**RAW DATA**:
====
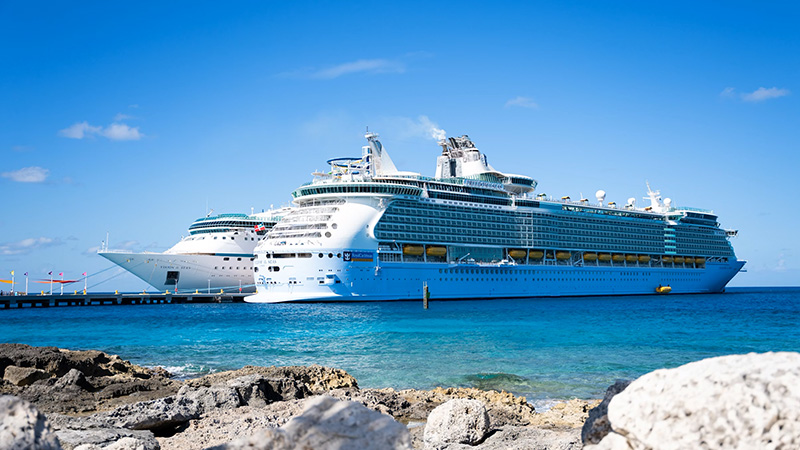 A luxurious cruise ship sailing in turquoise waters under a clear blue sky, symbolizing the best cruise destinations for 2026.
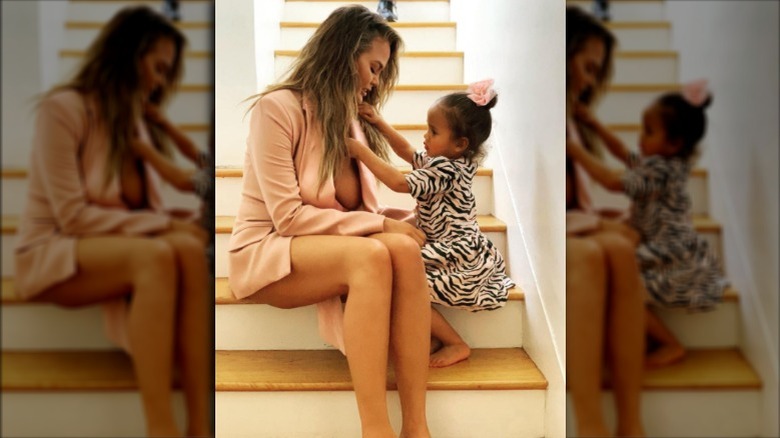 Chrissy Teigen taking a photo with her daughter, Luna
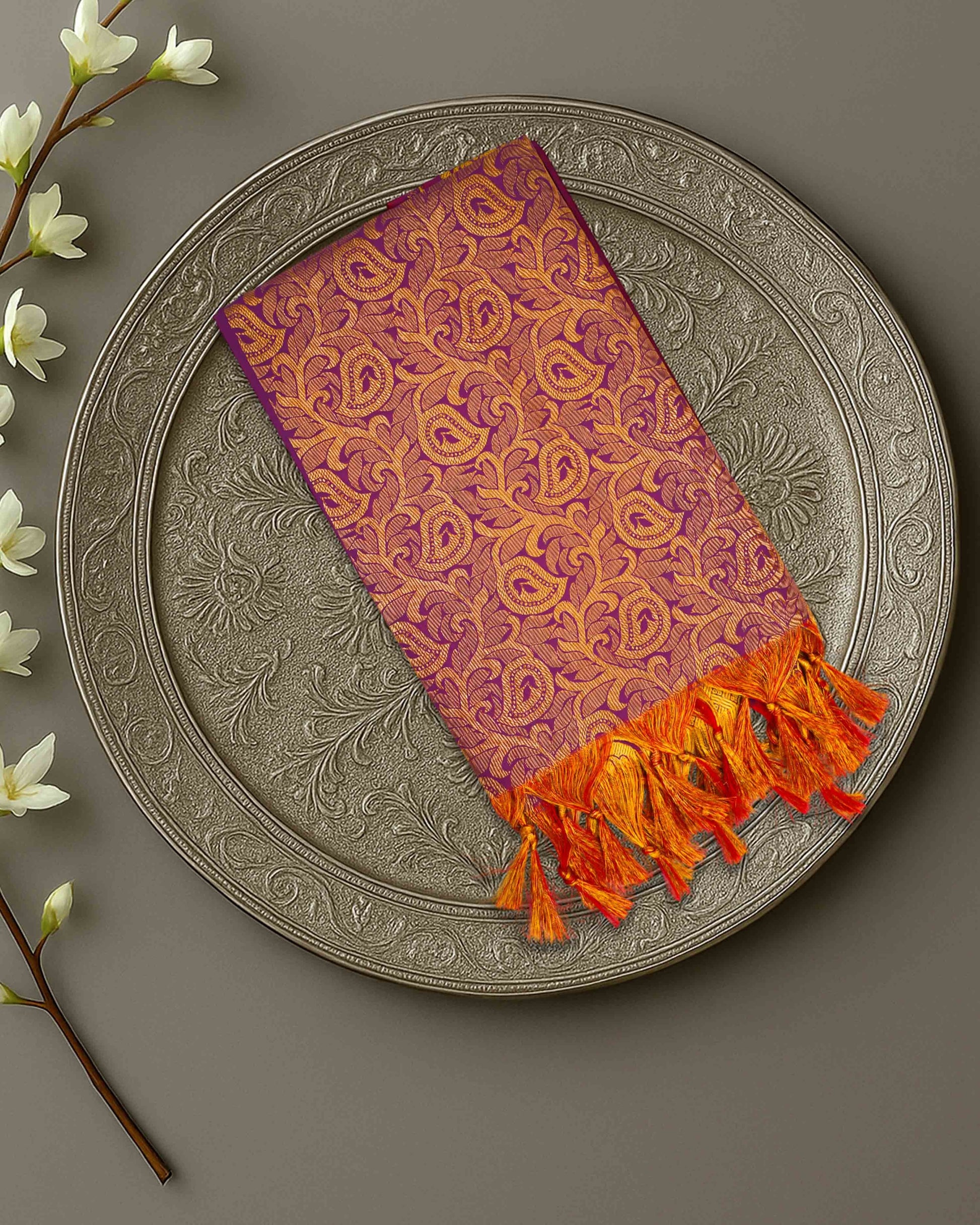 Ambika Stores premium purple and gold zari Ponnadai shawl with intricate paisley patterns and orange tassel ends.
====
Quote the data exactly, leaving every image out of the copy.

**WORKED SOLUTION**:
 A luxurious cruise ship sailing in turquoise waters under a clear blue sky, symbolizing the best cruise destinations for 2026.
 Chrissy Teigen taking a photo with her daughter, Luna
 Ambika Stores premium purple and gold zari Ponnadai shawl with intricate paisley patterns and orange tassel ends.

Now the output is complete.